Agents need to know what a tool does to the world before calling it. Descriptions should go beyond structured annotations to explain consequences.

Conciseness4/5

Is the description appropriately sized, front-loaded, and free of redundancy?

The description is well-structured with a clear purpose line followed by Args and Returns sections. It is efficient and front-loaded, though could be slightly more concise.

Shorter descriptions cost fewer tokens and are easier for agents to parse. Every sentence should earn its place.

Completeness4/5

Given the tool's complexity, does the description cover enough for an agent to succeed on first attempt?

Given the tool's simplicity (2 parameters, output schema exists), the description covers inputs and output sufficiently. It provides a complete picture for usage without needing additional context.

Complex tools with many parameters or behaviors need more documentation. Simple tools need less. This dimension scales expectations accordingly.

Parameters4/5

Does the description clarify parameter syntax, constraints, interactions, or defaults beyond what the schema provides?

Despite 0% schema description coverage, the description adds significant meaning by explaining 'findings_count' as total findings and 'severity_distribution' as a dict with keys like critical, high, etc. This compensates for the schema gap.

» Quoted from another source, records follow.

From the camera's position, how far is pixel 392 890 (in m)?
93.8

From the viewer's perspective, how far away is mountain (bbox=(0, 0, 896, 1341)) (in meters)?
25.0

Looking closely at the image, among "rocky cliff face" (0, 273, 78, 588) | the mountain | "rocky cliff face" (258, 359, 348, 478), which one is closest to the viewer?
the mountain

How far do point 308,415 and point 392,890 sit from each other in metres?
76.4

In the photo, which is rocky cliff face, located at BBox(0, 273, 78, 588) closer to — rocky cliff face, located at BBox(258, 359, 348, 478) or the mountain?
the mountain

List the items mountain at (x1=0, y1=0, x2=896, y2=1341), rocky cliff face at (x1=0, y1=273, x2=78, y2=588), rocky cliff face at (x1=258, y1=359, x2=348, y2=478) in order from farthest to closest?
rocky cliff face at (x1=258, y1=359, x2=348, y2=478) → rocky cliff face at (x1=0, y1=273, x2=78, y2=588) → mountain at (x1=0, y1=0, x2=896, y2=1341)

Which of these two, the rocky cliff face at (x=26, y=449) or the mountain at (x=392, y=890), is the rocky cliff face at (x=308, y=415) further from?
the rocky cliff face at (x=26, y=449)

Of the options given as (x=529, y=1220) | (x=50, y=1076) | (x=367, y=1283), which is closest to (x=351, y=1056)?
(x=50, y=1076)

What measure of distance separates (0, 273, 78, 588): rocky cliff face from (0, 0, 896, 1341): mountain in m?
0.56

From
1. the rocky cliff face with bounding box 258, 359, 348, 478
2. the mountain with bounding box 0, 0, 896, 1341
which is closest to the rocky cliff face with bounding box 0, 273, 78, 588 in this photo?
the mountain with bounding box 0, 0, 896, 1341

Input schemas describe structure but not intent. Descriptions should explain non-obvious parameter relationships and valid value ranges.

Purpose5/5

Does the description clearly state what the tool does and how it differs from similar tools?

The description clearly states the tool's function: 'Generate a 90/180/365-day remediation milestone plan based on TLPT findings.' It uses a specific verb ('Generate') and specifies the resource and context, distinguishing it from siblings like list_phases or pricing.

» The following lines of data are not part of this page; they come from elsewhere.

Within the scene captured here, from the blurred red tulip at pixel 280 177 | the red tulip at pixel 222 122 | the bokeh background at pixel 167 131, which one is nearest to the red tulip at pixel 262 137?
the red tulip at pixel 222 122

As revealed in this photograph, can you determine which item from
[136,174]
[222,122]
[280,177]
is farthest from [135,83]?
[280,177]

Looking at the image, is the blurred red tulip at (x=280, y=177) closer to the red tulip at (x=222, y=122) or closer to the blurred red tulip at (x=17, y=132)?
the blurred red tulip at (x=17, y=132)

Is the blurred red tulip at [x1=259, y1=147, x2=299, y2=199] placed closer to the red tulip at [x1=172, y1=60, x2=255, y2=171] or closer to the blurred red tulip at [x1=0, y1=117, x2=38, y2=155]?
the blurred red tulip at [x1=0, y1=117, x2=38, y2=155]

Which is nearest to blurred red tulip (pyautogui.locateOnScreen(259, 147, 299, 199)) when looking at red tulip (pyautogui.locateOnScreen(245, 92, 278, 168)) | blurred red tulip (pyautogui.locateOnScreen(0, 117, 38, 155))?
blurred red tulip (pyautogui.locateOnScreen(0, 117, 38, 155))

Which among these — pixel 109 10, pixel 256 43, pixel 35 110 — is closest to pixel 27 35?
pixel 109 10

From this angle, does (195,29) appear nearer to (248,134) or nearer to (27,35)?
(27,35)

Agents choose between tools based on descriptions. A clear purpose with a specific verb and resource helps agents select the right tool.

Usage Guidelines3/5

Does the description explain when to use this tool, when not to, or what alternatives exist?

The description implies usage for generating plans from TLPT findings but does not explicitly state when to use this tool over alternatives, nor does it provide exclusionary guidance. Adequate but lacks comparative context.

Agents often have multiple tools that could apply. Explicit usage guidance like "use X instead of Y when Z" prevents misuse.